12) Find the point on the surface $$f(x,y)=x^2+y^2+10$$ nearest the plane $$x+2y−z=0.$$ Identify the point on the plane.

Hint:
Here one approach is the find the distance between a point $$(x_0, y_0, z_0)$$ on the surface and the plane, using what you learned in Section 11.5. Then you can substitute the surface function into this distance function for $$z_0$$ and substitute $$x$$ for $$x_0$$ and $$y$$ for $$y_0$$. This will give you a function of $$x$$ and $$y$$ that you can minimize.
$$(0.5,1,11.25)$$ is the point on the surface nearest the plane.
Although it was not requested, note that $$(\frac{47}{24},\frac{47}{12},\frac{235}{24})$$ is the point on the plane that is nearest the surface.
See this problem illustrated in CalcPlot3D.

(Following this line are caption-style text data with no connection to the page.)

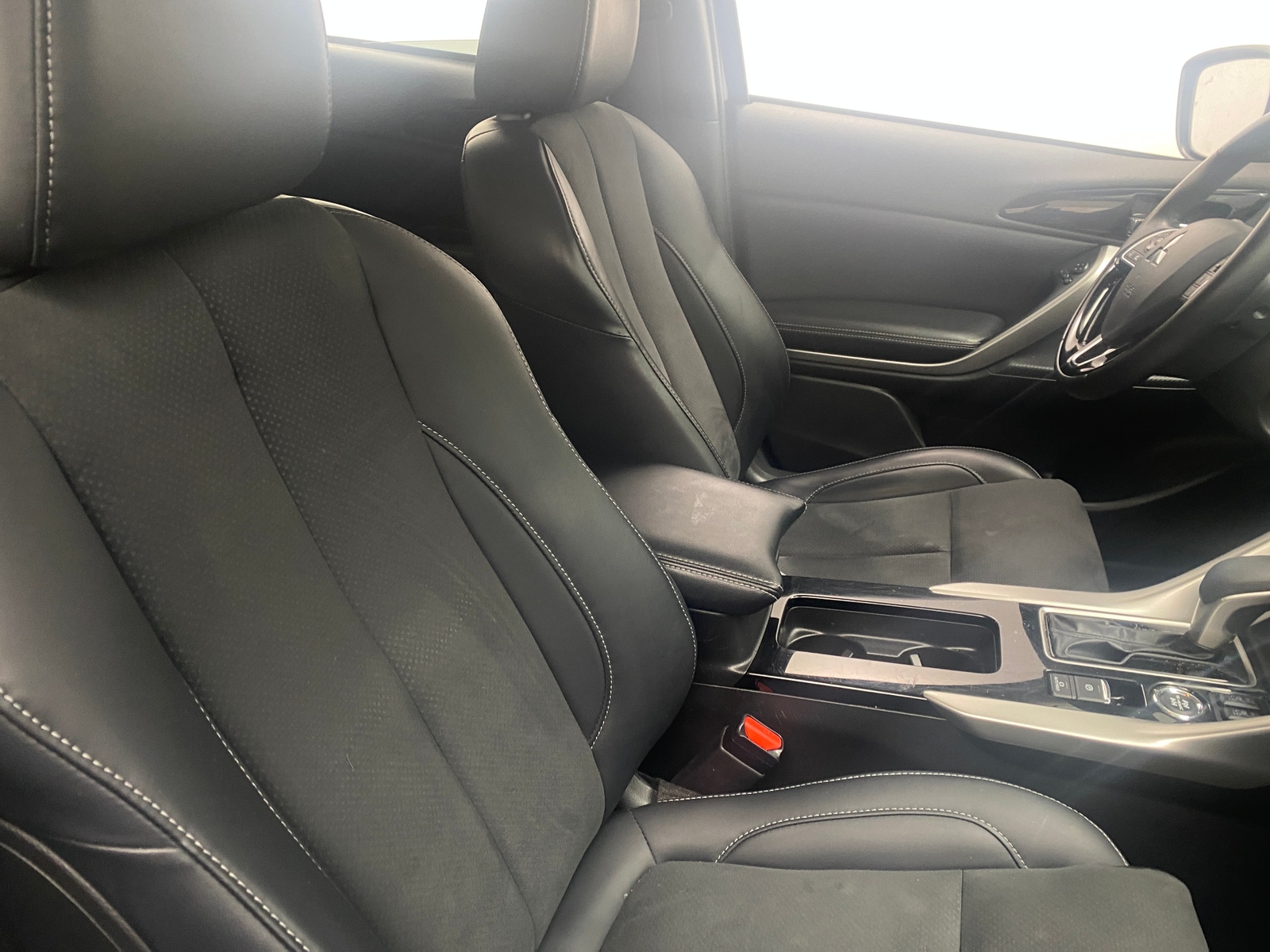 Thumbnail: 2024 Mitsubishi Eclipse Cross - 2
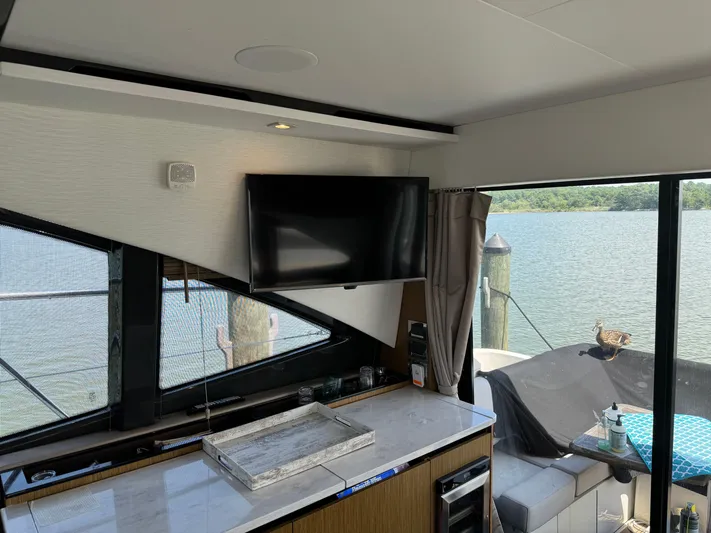 Graceful Yacht Photos Pics Interior of 2017 Sea Ray Sundancer 460 yacht with TV and waterfront view.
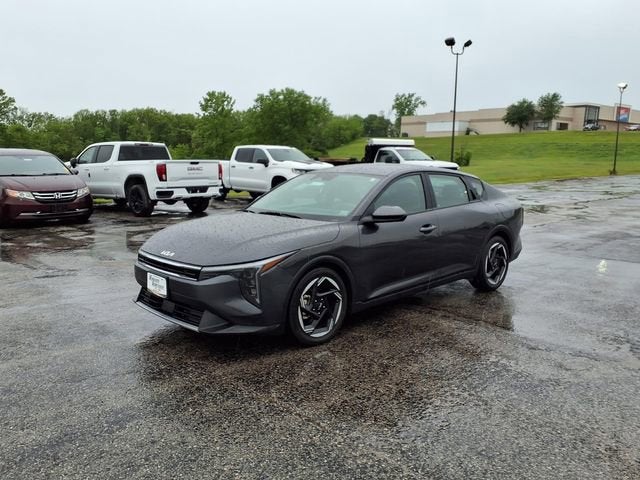 2025 Kia K4 EX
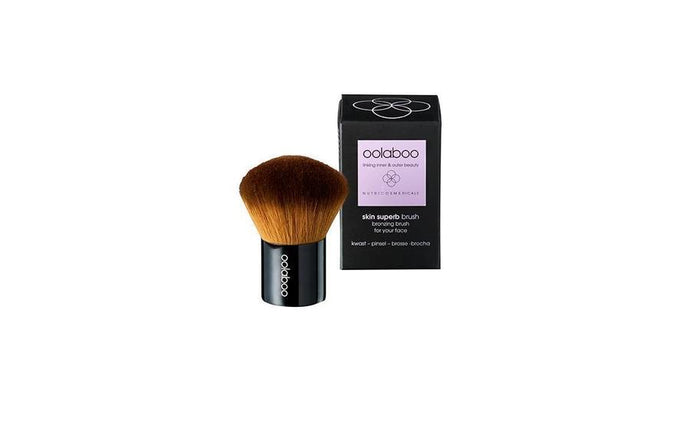 Bronzer brush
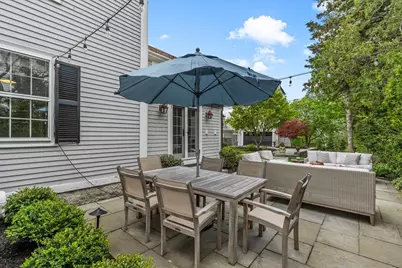 37 Lincoln St, Hingham, MA 02043 - Photo 31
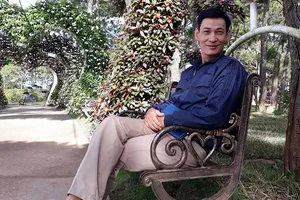 Rời biên chế vẫn sống tốt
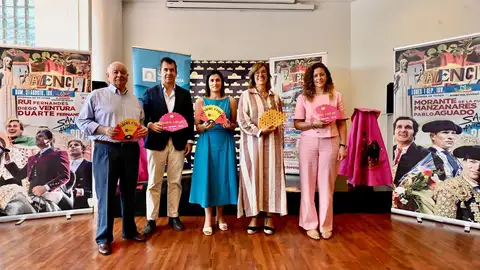 Palencia saca músculo taurino en Santander .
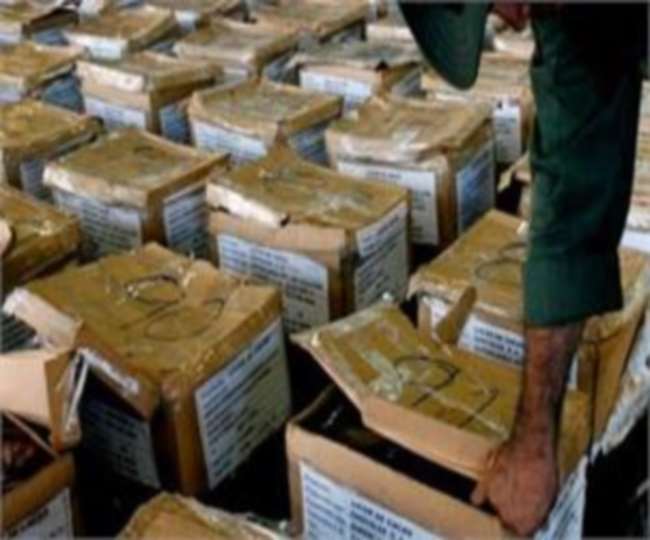 शामली में सात लाख रुपये की अवैध शराब के साथ पिता व पुत्र गिरफ्तार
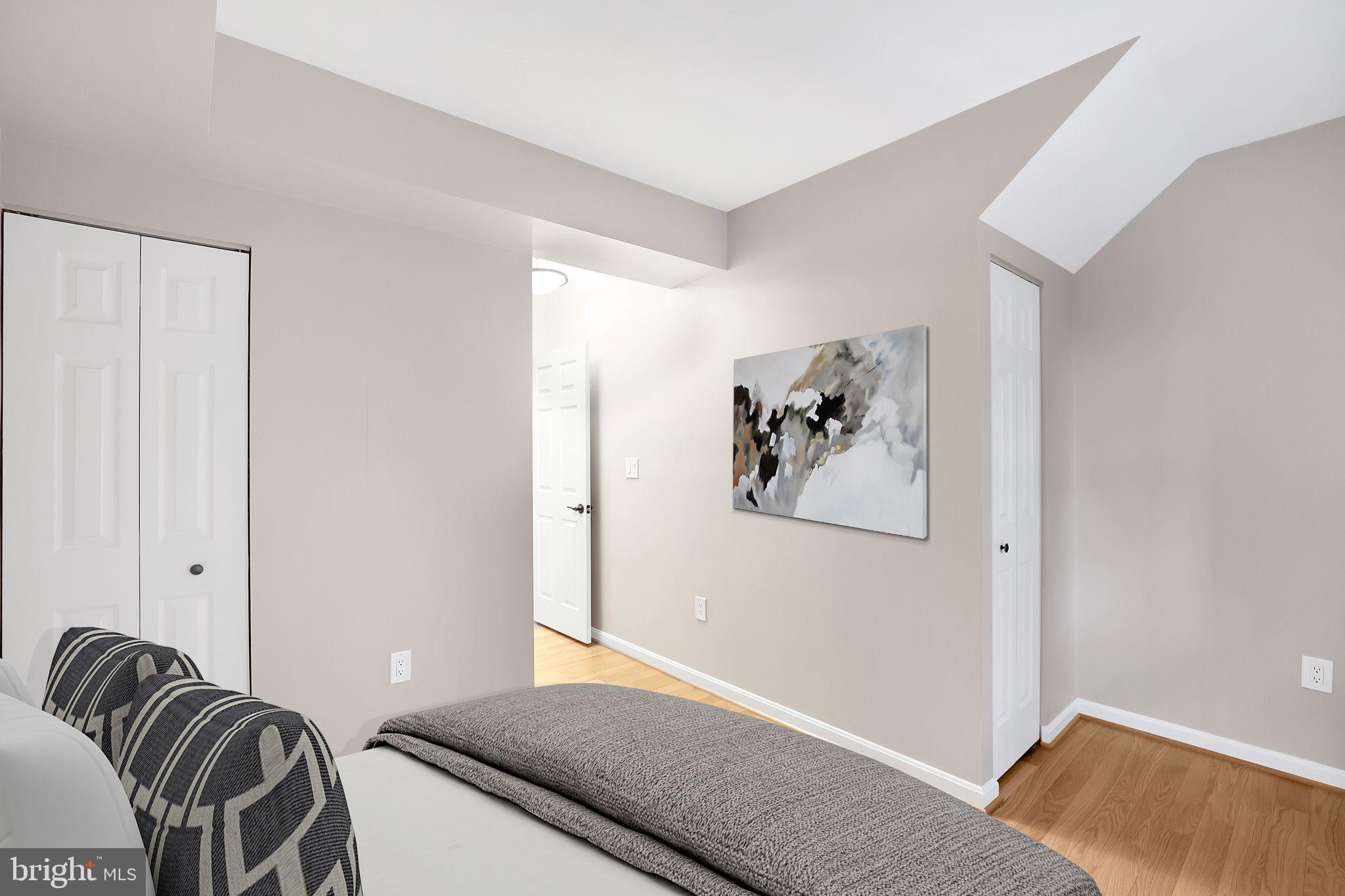 CARLYLE TOWERS CONDOMINIUM - Residential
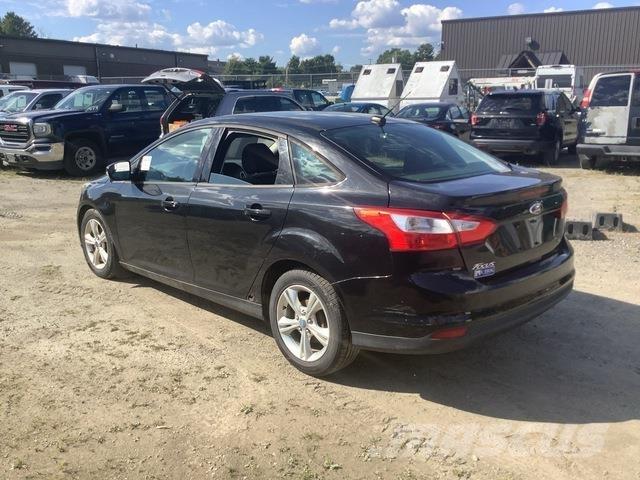 Ford Focus SE Automobili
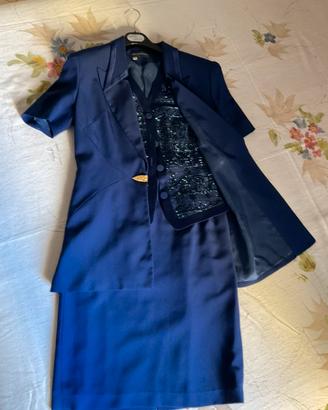 Completo 3 pezzi blu elettrico con gilet ricamato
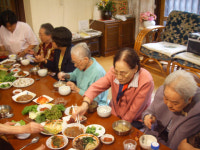 시름 덜고 보름달처럼 밝아졌으면…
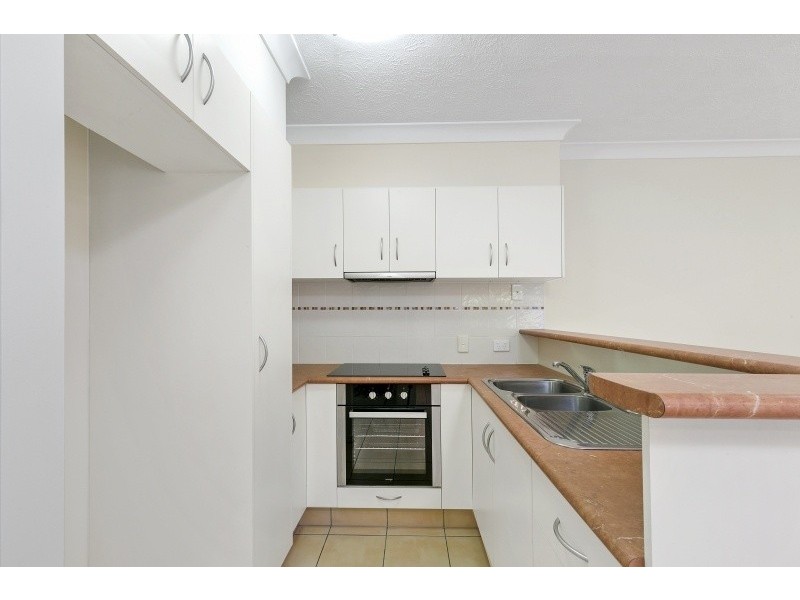 4/48 Coolangatta Road, Kirra QLD 4225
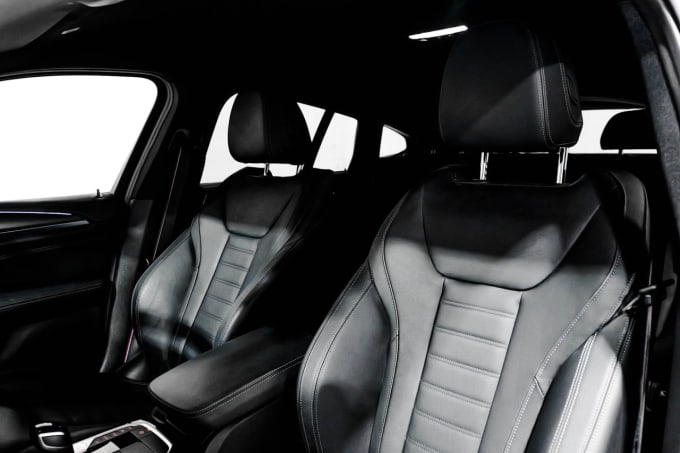 2025 BMW X4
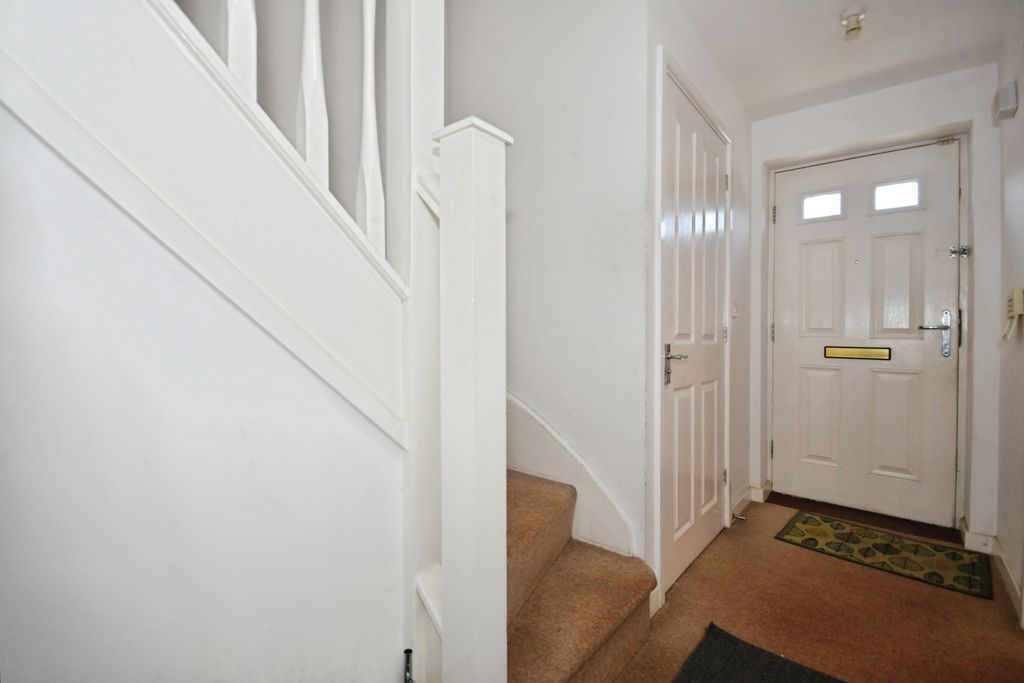 Property photo 2 of 13 Photo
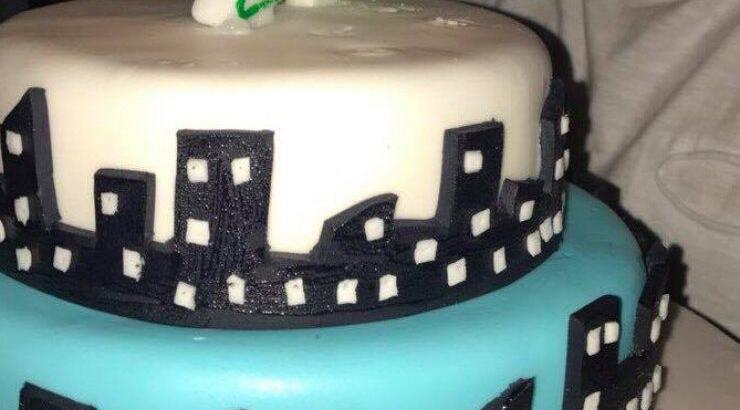 Γνωστός Κύπριος γιόρτασε τα γενέθλιά του σε μαγαζί της Λευκωσίας! [εικόνες]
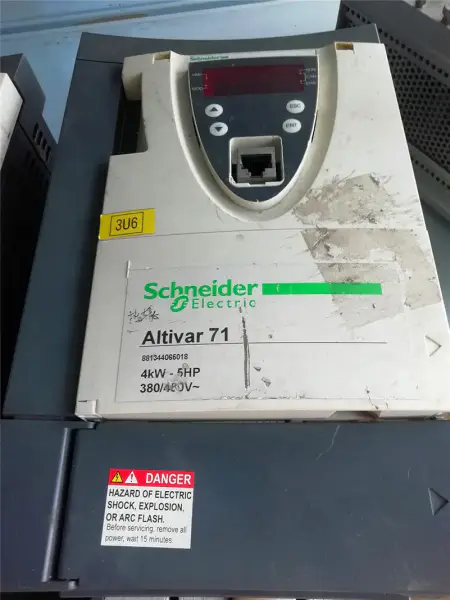 Schneider ATV71HU40N4Z 380V 4KW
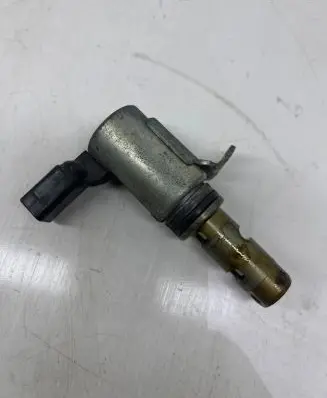 Volkswagen Touran I Camshaft vanos timing valve 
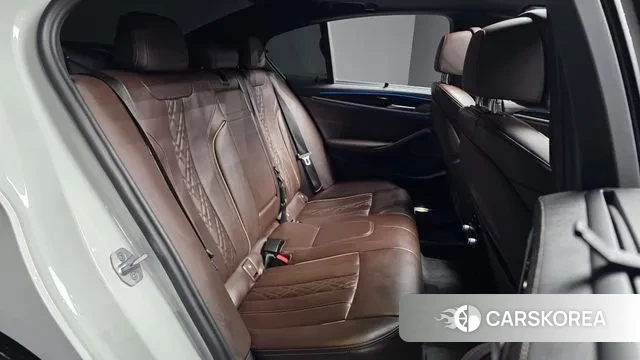 BMW 5 Series (G30) 2022 Белый из Кореи, фото 3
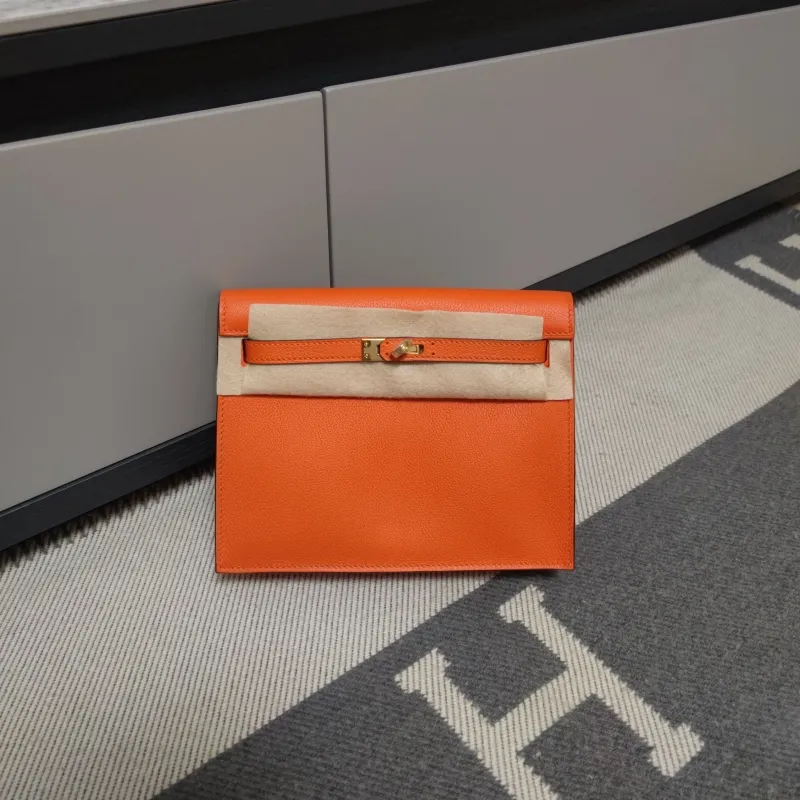 Hermes Orange Kelly Leather Bag 197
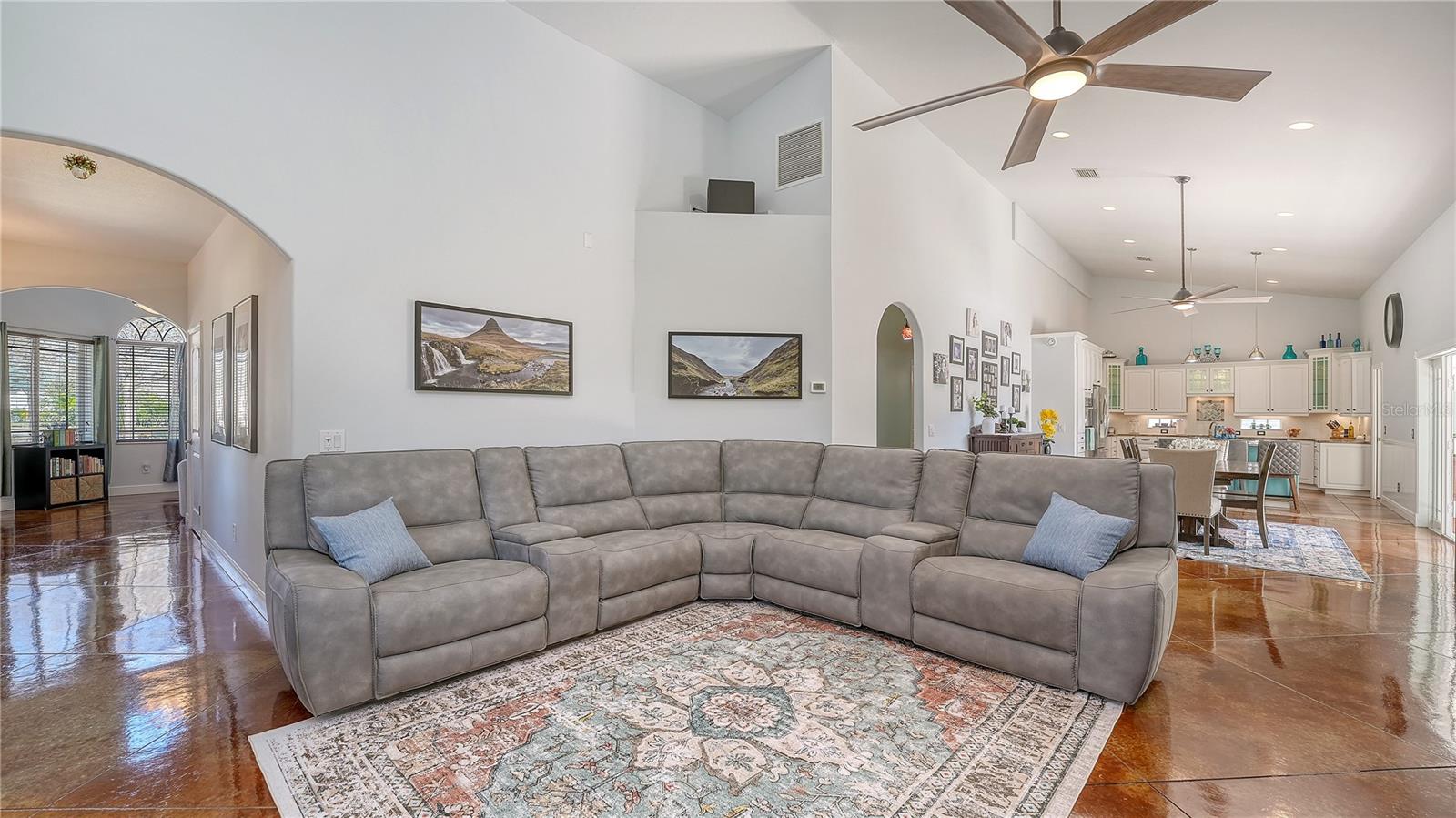 OAK FORD GOLF CLUB - Residential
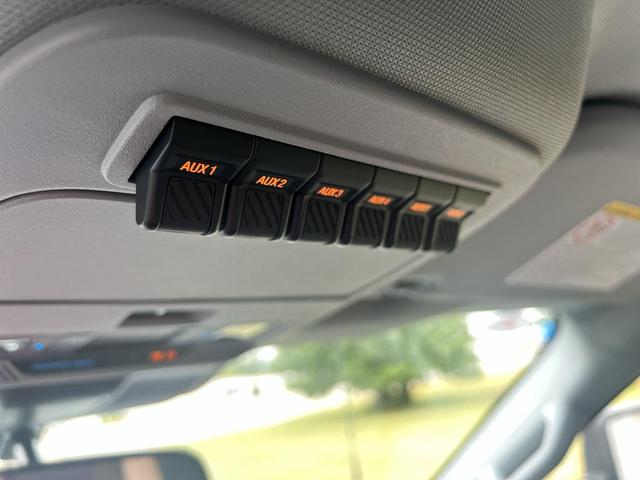 Photo of 2025 Oxford White Ford F-350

13) Find the point in the plane $$2x−y+2z=16$$ that is closest to the origin.

14) A company manufactures two types of athletic shoes: jogging shoes and cross-trainers. The total revenue from $$x$$ units of jogging shoes and $$y$$ units of cross-trainers is given by $$R(x,y)=−5x^2−8y^2−2xy+42x+102y,$$ where $$x$$ and $$y$$ are in thousands of units. Find the values of $$x$$ and $$y$$ to maximize the total revenue.

$$x=3$$ and $$y=6$$

15) A shipping company handles rectangular boxes provided the sum of the length, width, and height of the box does not exceed $$96$$in. Find the dimensions of the box that meets this condition and has the largest volume.

16) Find the maximum volume of a cylindrical soda can such that the sum of its height and circumference is $$120$$ cm.

$$V=\frac{64,000}{π}\,\text{cm}^3≈20,372\,\text{cm}^3$$